Custom QAOA variational circuit parameters. By default linear increasing/decreasing parameters for the selected reps are generated.

backend class-attribute instance-attribute

backend: BACKEND_TYPE | None = Field(default=None, exclude=True, repr=False)

initial_params class-attribute instance-attribute

initial_params: LinearQAOAParams | BasicQAOAParams | RandomQAOAParams = Field(
    default_factory=lambda: LinearQAOAParams(delta_beta=0.5, delta_gamma=0.5),
    description="Custom QAOA circuit parameters. By default linear increasing/decreasing parameters for the selected `reps` are generated.",
)

model_config class-attribute instance-attribute

model_config = ConfigDict(
    arbitrary_types_allowed=True, extra="allow", validate_assignment=True
)

optimizer class-attribute instance-attribute

optimizer: (
    ScipyOptimizerParams
    | LinearOptimizerParams
    | CombinedOptimizerParams
    | InterpolateOptimizerParams
    | None
) = Field(
    default_factory=lambda: ScipyOptimizerParams(),
    description="The classical optimizer. Default: ScipyOptimizer",
)

pipeline class-attribute instance-attribute

pipeline: PipelineParams = Field(
    default_factory=lambda: PipelineParams(),
    description="The pipeline defines the selected features for QAOA circuit generation. By default, all supported features are enabled (one-hot constraints, inequality constraints and quadratic penalties).",
)

qaoa_config class-attribute instance-attribute

qaoa_config: AdvancedConfig = Field(
    default_factory=lambda: AdvancedConfig(),
    description="Additional options for the QAOA circuit and evalutation",
)

reps class-attribute instance-attribute

reps: int = Field(
    default=1, ge=1, description="Number of QAOA layer repetitions"
)

shots class-attribute instance-attribute

shots: int = Field(default=1024, ge=1, description='Number of sampled shots.')
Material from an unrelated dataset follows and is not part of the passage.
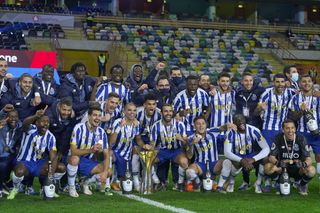 Porto players celebrate after beating Benfica to win the Portuguese Super Cup in December 2020.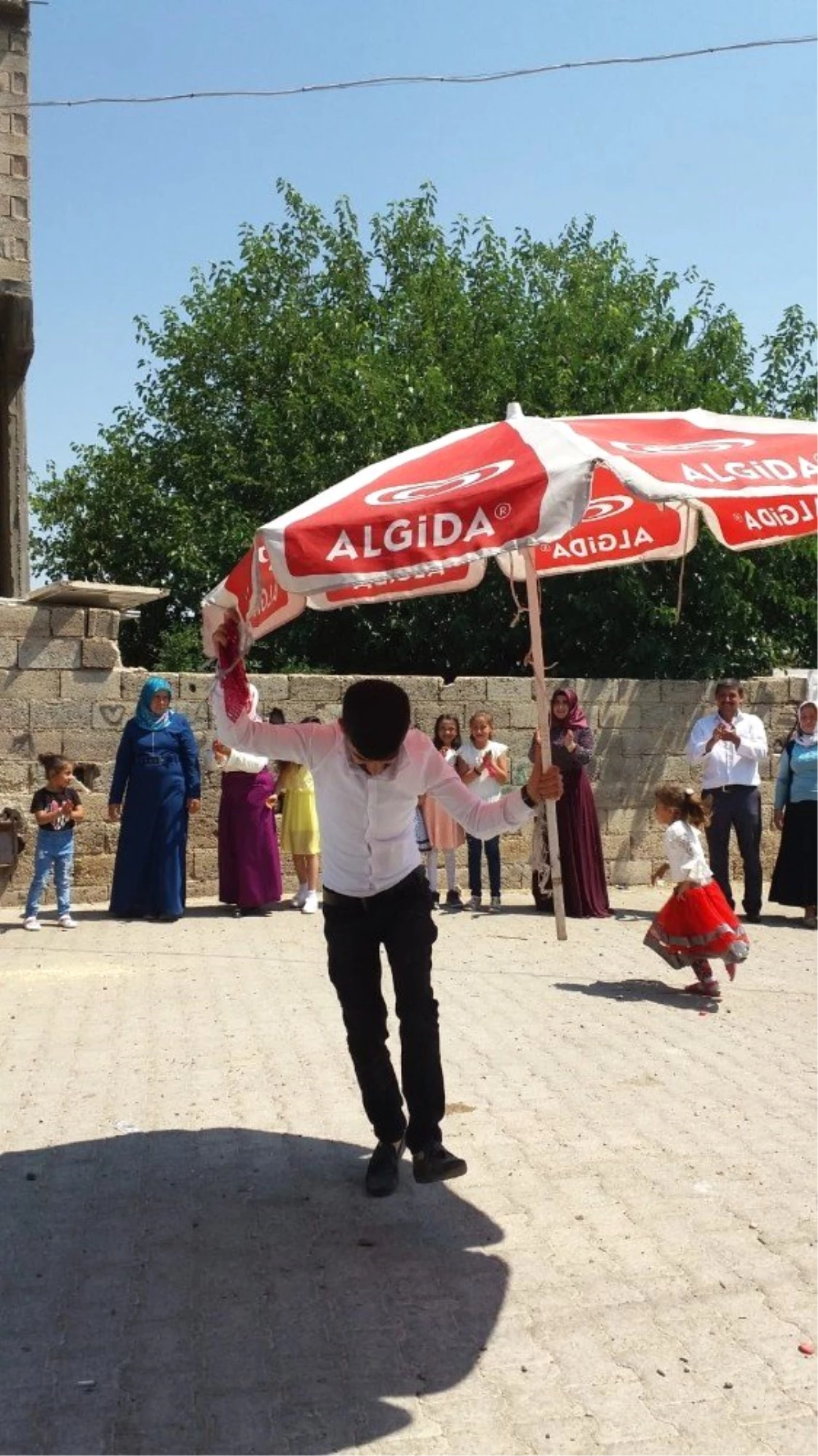 Kavurucu sıcak altında dev şemsiye ile halay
get_compatible_backends classmethod

get_compatible_backends() -> tuple[type[Aqarios]]

Check at runtime if the used backend is compatible with the solver.

Returns:

Type Description
tuple[type[IBackend], ...]

True if the backend is compatible with the solver, False otherwise.

get_default_backend classmethod

get_default_backend() -> Aqarios

Return the default backend implementation.

This property must be implemented by subclasses to provide the default backend instance to use when no specific backend is specified.

Returns:

Type Description
IBackend

An instance of a class implementing the IBackend interface that serves as the default backend.

run

run(
    model: Model | str,
    name: str | None = None,
    backend: BACKEND_TYPE | None = None,
    client: LunaSolve | str | None = None,
    *args: Any,
    **kwargs: Any,
) -> SolveJob

Run the configured solver.

Parameters:

Name Type Description Default
model Model or str

The model to be optimized or solved. It could be an Model instance or a string identifier representing the model id.

required
name str | None

If provided, the name of the job. Defaults to None.

None
backend BACKEND_TYPE | None

Backend to use for the solver. If not provided, the default backend is used.

None
client LunaSolve or str

The client interface used to interact with the backend services. If not provided, a default client will be used.

None
*args Any

Additional arguments that will be passed to the solver or client.

()
**kwargs Any

Additional keyword parameters for configuration or customization.

{}

Returns:

Type Description
SolveJob

The job object containing the information about the solve process.